Posted onDecember 8, 2015 8:52 pm 
<http://electionlawblog.org/?p=78158>byRick Hasen 
<http://electionlawblog.org/?author=3>

Statement <https://www.doj.state.wi.us/blog/john-doe-ii-should-end>:

    The Wisconsin Supreme Court has issued yet another decision in John
    Doe II, the protracted and secret investigation into whether a
    political group exercising free political speech rights improperly
    coordinated with Governor Walker during the recall election. For the
    second time this year, the Wisconsin Supreme Court directed that the
    John Doe proceeding be halted based upon the Court’s conclusion that
    prosecutors did not have a legal basis to investigate these
    political groups when they commenced John Doe II. The Court found
    that campaign finance statutes upon which the prosecutors relied
    violate free political speech rights guaranteed by both the United
    States Constitution and the Wisconsin Constitution.

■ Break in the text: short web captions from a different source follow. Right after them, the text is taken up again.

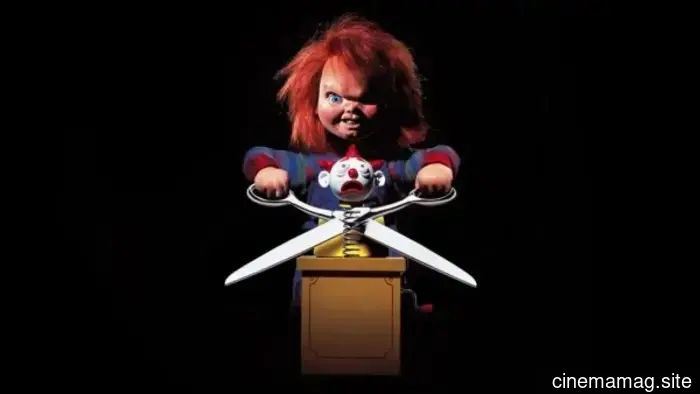 Представлена фигурка действия Ultimate Chucky из фильма "Детские игры 2" от NECA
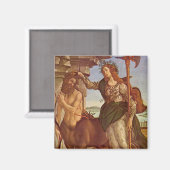 Aimant Pallas et le Centaure (Recto/Verso)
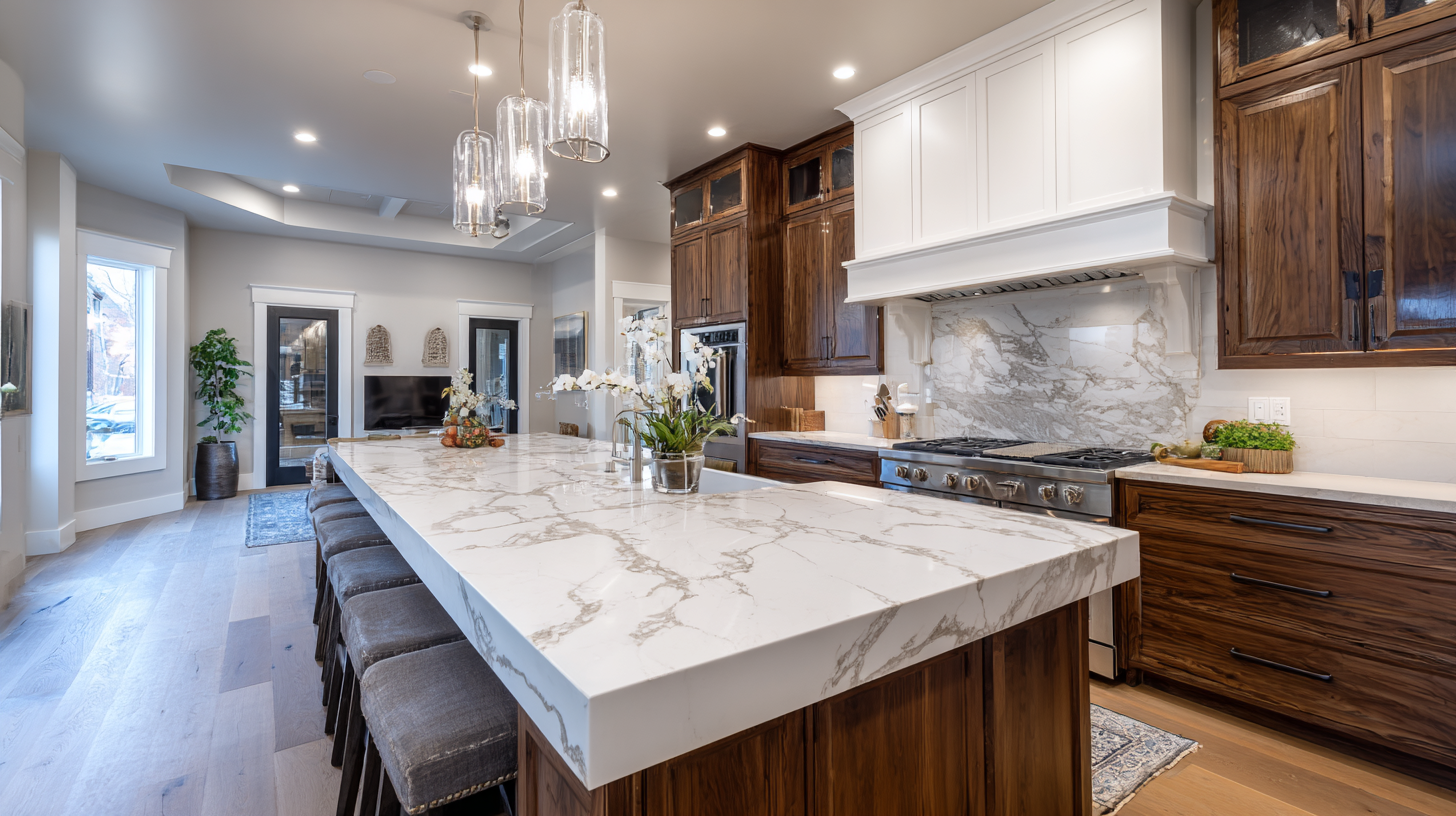 The Ultimate Guide to Choosing the Best Custom Countertop for Your Home Renovation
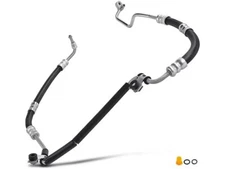 72JG32G Power Steering Pressure Line Hose Assembly Fits 2011-2017 Dodge Charger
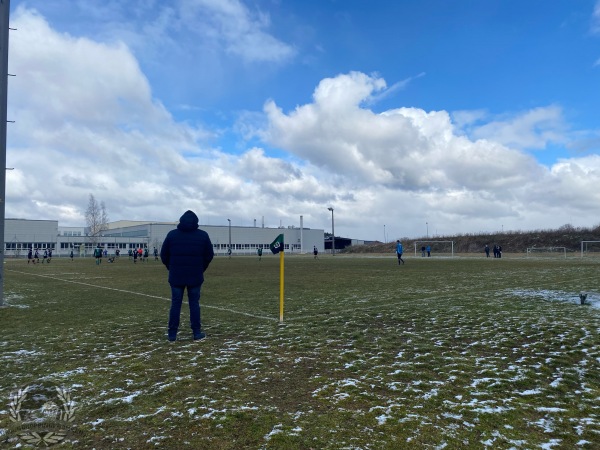 Sportanlage An der Heide Platz 2 - Postbauer-Heng-Pavelsbach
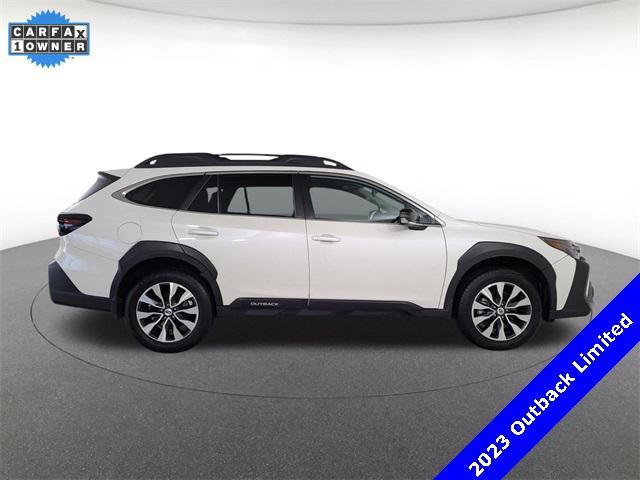 used 2023 Subaru Outback car, priced at $29,220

    Thus, the Court said that the matter is closed, and the evidence
    seized through subpoenas and search warrants issued as part of the
    investigation must be returned. That has not yet occurred, and the
    owners of that property are understandably upset.

    The special prosecutor has indicated that he intends to appeal. The
    only level of appeal left is to the Supreme Court of the United
    States (SCOTUS), but it is very unlikely SCOTUS would take the case.
    In the unlikely scenario that SCOTUS were to accept the case, it
    would more than likely uphold the Wisconsin Supreme Court’s decision.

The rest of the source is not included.